We will use the `preprocess_esg_data` function from `utils.data_preprocessing`. This function handles:
1.  **Missing Value Imputation:** Uses median for numerical features (`GrowthRate`) and mode for categorical features (though none are missing here).
2.  **Categorical Encoding:** Converts `Industry` and `Region` into numerical representations using Label Encoding.
3.  **Feature Scaling:** Standardizes numerical features to have zero mean and unit variance using `StandardScaler`.
4.  **Outlier Handling (Optional in function):** The provided utility function includes an optional IQR-based outlier handling step, which we will use here for robustness, although the impact might be minimal depending on the algorithms.

In [None]:
if df_original is not None:
    # Apply preprocessing
    # Note: We drop CompanyID and CompanyName as they are identifiers and not typically used as features
    df_processed = preprocess_esg_data(df_original.drop(columns=['CompanyID', 'CompanyName']))
    
    print("Dataset shape after preprocessing:", df_processed.shape)
    print("\nFirst 5 rows of preprocessed data:")
    display(df_processed.head())
    
    print("\nChecking for missing values after preprocessing:")
    print(df_processed.isnull().sum().sum()) # Should be 0
    
    print("\nData types after preprocessing:")
    df_processed.info()

## 3. Exploratory Data Visualization (on Processed Data)

In [None]:
# Visualize distributions of key processed features
if 'df_processed' in locals():
    plot_cols = ['ESG_Overall', 'ProfitMargin', 'MarketCap', 'Revenue', 'Industry', 'Region']
    plt.figure(figsize=(15, 10))
    for i, col in enumerate(plot_cols):
        plt.subplot(2, 3, i + 1)
        sns.histplot(df_processed[col], kde=True)
        plt.title(f'Processed Distribution of {col}')
    plt.tight_layout()
    plt.show()

In [None]:
# Correlation heatmap for processed numerical columns
if 'df_processed' in locals():
    plot_correlation_matrix(df_processed)

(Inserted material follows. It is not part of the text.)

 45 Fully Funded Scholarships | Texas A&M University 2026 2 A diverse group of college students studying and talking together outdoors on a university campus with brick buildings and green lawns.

## 4. Data Preparation for Machine Learning

We'll define features (X) and targets (y) for our supervised learning tasks.

**Tasks:**
1.  **Regression:** Predict `ProfitMargin`.
2.  **Classification:** Predict whether `ESG_Overall` score is 'High' (above median) or 'Low' (below or equal to median).

In [None]:
if 'df_processed' in locals():
    # --- Regression Task --- 
    target_reg = 'ProfitMargin'
    # Use all other columns as features, except potential identifiers if they were kept
    features_reg = df_processed.drop(columns=[target_reg]).columns.tolist()
    
    X_reg = df_processed[features_reg]
    y_reg = df_processed[target_reg]
    
    # Train-test split for regression
    X_reg_train, X_reg_test, y_reg_train, y_reg_test = train_test_split(
        X_reg, y_reg, test_size=0.2, random_state=42
    )
    print(f"Regression - Features shape: {X_reg.shape}, Target shape: {y_reg.shape}")
    print(f"Train shapes: {X_reg_train.shape}, {y_reg_train.shape}")
    print(f"Test shapes: {X_reg_test.shape}, {y_reg_test.shape}")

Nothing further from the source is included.